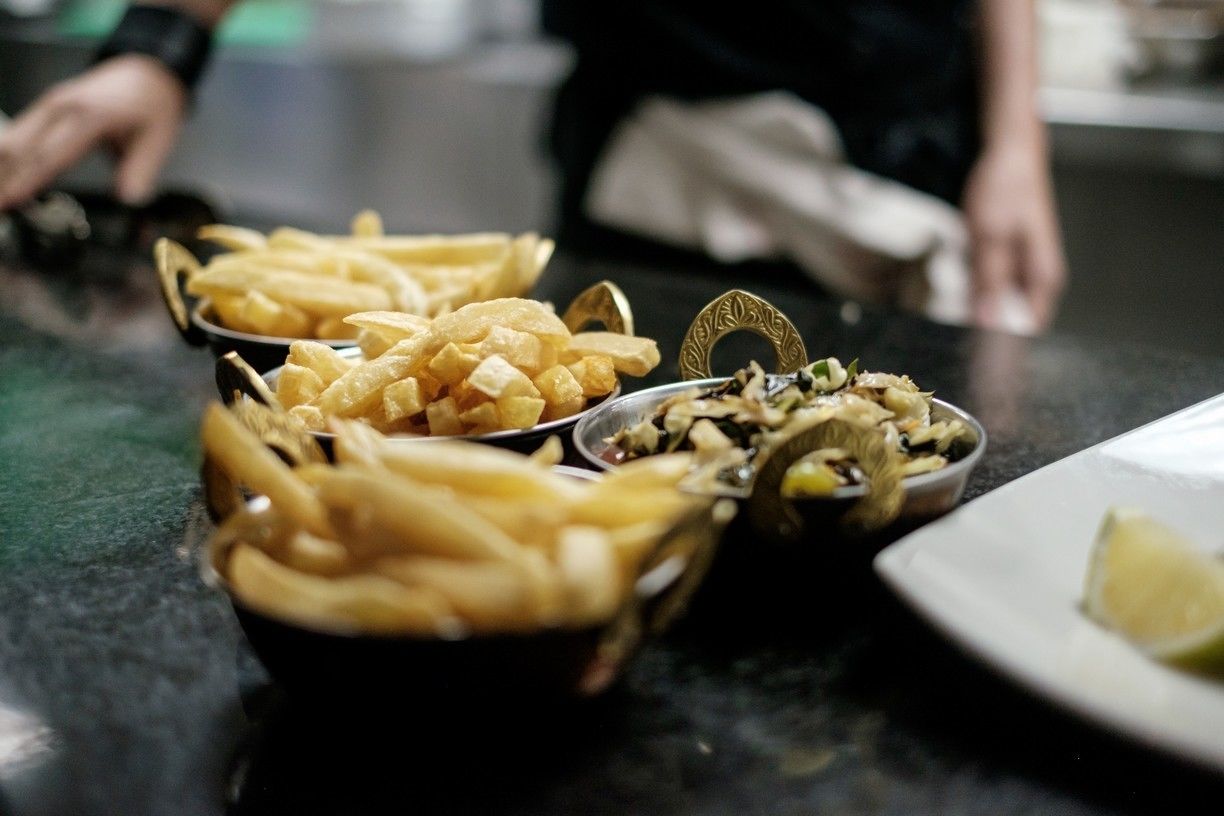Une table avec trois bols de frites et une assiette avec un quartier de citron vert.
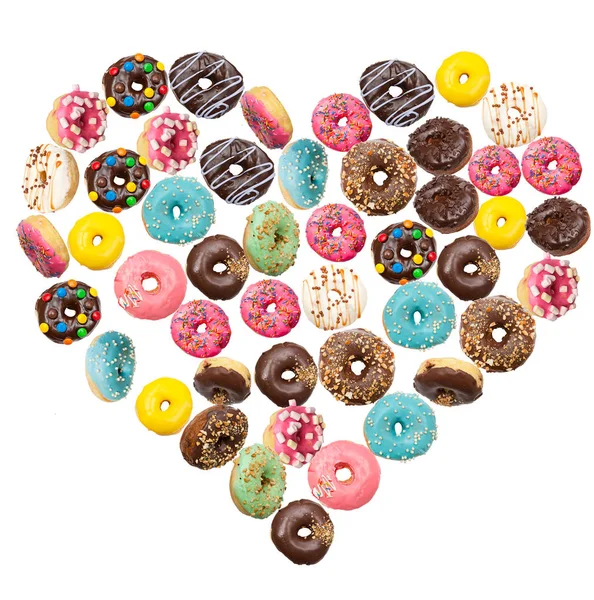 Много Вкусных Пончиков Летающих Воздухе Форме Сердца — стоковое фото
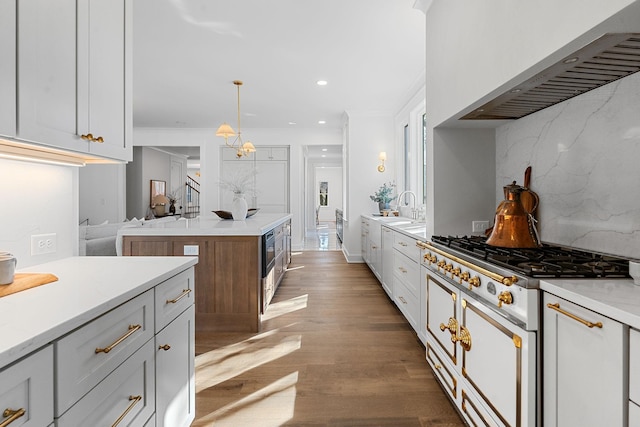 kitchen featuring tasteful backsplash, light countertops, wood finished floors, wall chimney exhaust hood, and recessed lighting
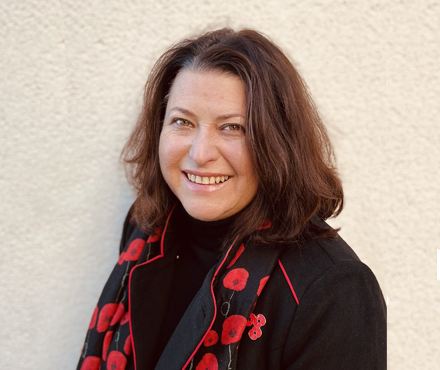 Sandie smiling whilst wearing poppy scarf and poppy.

* **TASK**
Print, please, exactly the lines from the one holding "kitchen featuring tasteful" through the final line of the data, both included, while leaving out each picture.

* **OUTPUT OF THE TASK**
 kitchen featuring tasteful backsplash, light countertops, wood finished floors, wall chimney exhaust hood, and recessed lighting
 Sandie smiling whilst wearing poppy scarf and poppy.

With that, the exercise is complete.